Every line of the listing below is to be repeated exactly; the pictures stay out.

======== Stored data

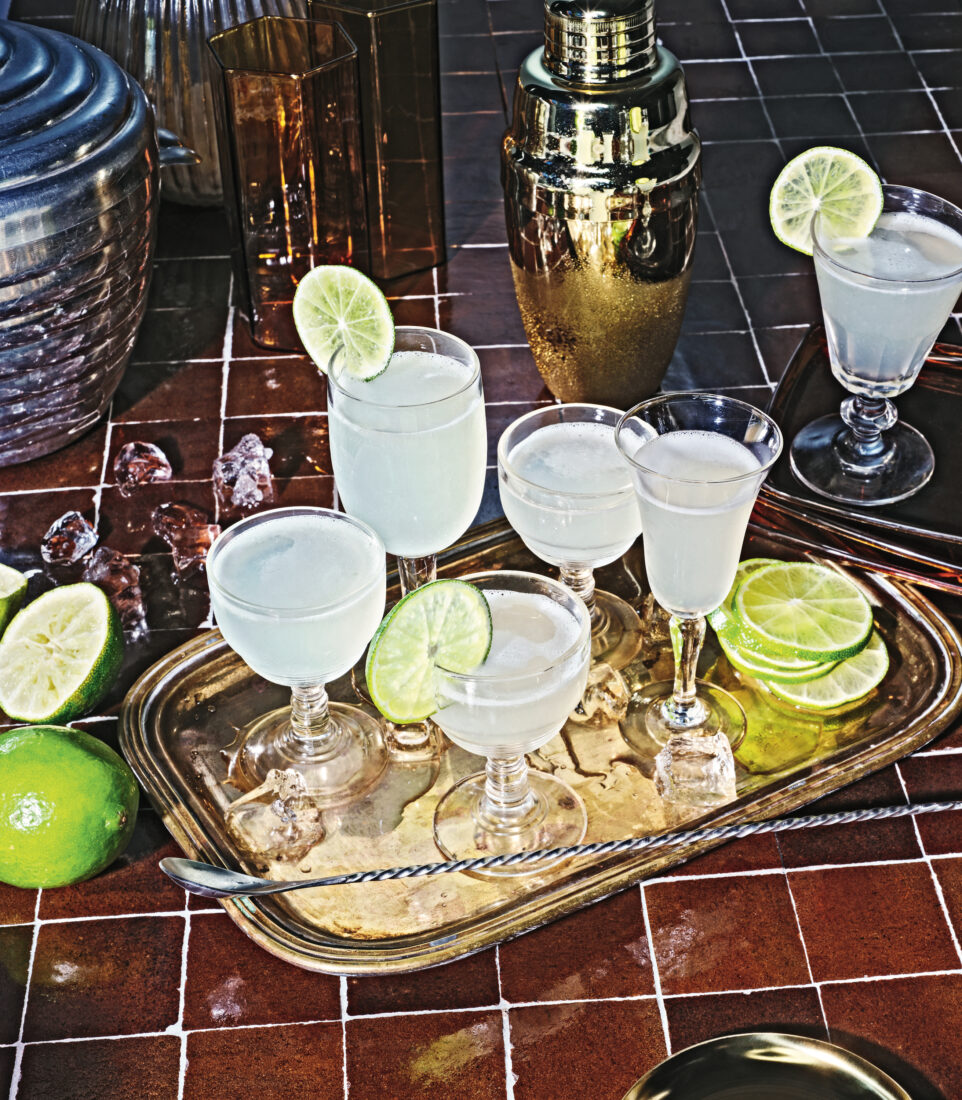 A gold platter of cocktails with lime garnishes and ice. The platter is on a red tile background with a sliced lime, shaker, ice, and glasses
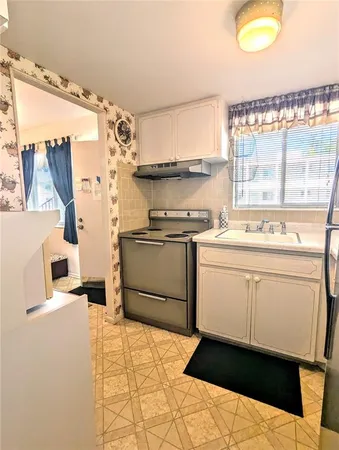 a kitchen with a stove a sink and a refrigerator
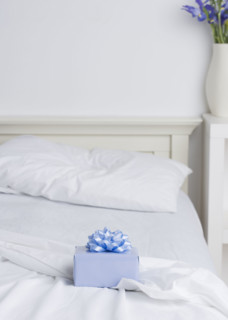 Still life of gift box on bed. Date : 2006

================

*Solution for this exercise*.
 A gold platter of cocktails with lime garnishes and ice. The platter is on a red tile background with a sliced lime, shaker, ice, and glasses
 a kitchen with a stove a sink and a refrigerator
 Still life of gift box on bed. Date : 2006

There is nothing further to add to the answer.